*** DATA EXTRACTS Section Begins ***

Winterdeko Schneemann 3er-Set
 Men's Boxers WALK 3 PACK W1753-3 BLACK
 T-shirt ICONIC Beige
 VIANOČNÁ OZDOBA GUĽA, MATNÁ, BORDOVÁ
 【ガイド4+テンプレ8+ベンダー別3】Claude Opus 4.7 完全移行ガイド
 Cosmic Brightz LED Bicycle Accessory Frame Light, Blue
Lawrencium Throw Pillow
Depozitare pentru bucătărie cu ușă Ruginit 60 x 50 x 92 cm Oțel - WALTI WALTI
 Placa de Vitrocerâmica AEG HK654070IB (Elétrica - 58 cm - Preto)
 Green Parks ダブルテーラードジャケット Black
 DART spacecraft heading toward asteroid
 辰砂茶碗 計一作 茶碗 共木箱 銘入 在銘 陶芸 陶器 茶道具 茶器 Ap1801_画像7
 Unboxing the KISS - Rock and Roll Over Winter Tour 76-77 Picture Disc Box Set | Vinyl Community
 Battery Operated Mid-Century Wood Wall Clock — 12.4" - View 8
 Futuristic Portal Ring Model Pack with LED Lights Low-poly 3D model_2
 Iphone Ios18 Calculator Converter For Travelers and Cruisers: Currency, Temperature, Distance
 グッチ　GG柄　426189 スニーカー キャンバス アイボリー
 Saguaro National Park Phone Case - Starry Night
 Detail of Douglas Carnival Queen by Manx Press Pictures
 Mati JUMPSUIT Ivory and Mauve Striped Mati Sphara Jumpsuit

*** DATA EXTRACTS Section Ends ***

Give back, word for word, the lines of the records that run from the one holding "Opus 4.7 完全移行ガイド" to the very last.

### WRITTEN SOLUTION:
 【ガイド4+テンプレ8+ベンダー別3】Claude Opus 4.7 完全移行ガイド
 Cosmic Brightz LED Bicycle Accessory Frame Light, Blue
Lawrencium Throw Pillow
Depozitare pentru bucătărie cu ușă Ruginit 60 x 50 x 92 cm Oțel - WALTI WALTI
 Placa de Vitrocerâmica AEG HK654070IB (Elétrica - 58 cm - Preto)
 Green Parks ダブルテーラードジャケット Black
 DART spacecraft heading toward asteroid
 辰砂茶碗 計一作 茶碗 共木箱 銘入 在銘 陶芸 陶器 茶道具 茶器 Ap1801_画像7
 Unboxing the KISS - Rock and Roll Over Winter Tour 76-77 Picture Disc Box Set | Vinyl Community
 Battery Operated Mid-Century Wood Wall Clock — 12.4" - View 8
 Futuristic Portal Ring Model Pack with LED Lights Low-poly 3D model_2
 Iphone Ios18 Calculator Converter For Travelers and Cruisers: Currency, Temperature, Distance
 グッチ　GG柄　426189 スニーカー キャンバス アイボリー
 Saguaro National Park Phone Case - Starry Night
 Detail of Douglas Carnival Queen by Manx Press Pictures
 Mati JUMPSUIT Ivory and Mauve Striped Mati Sphara Jumpsuit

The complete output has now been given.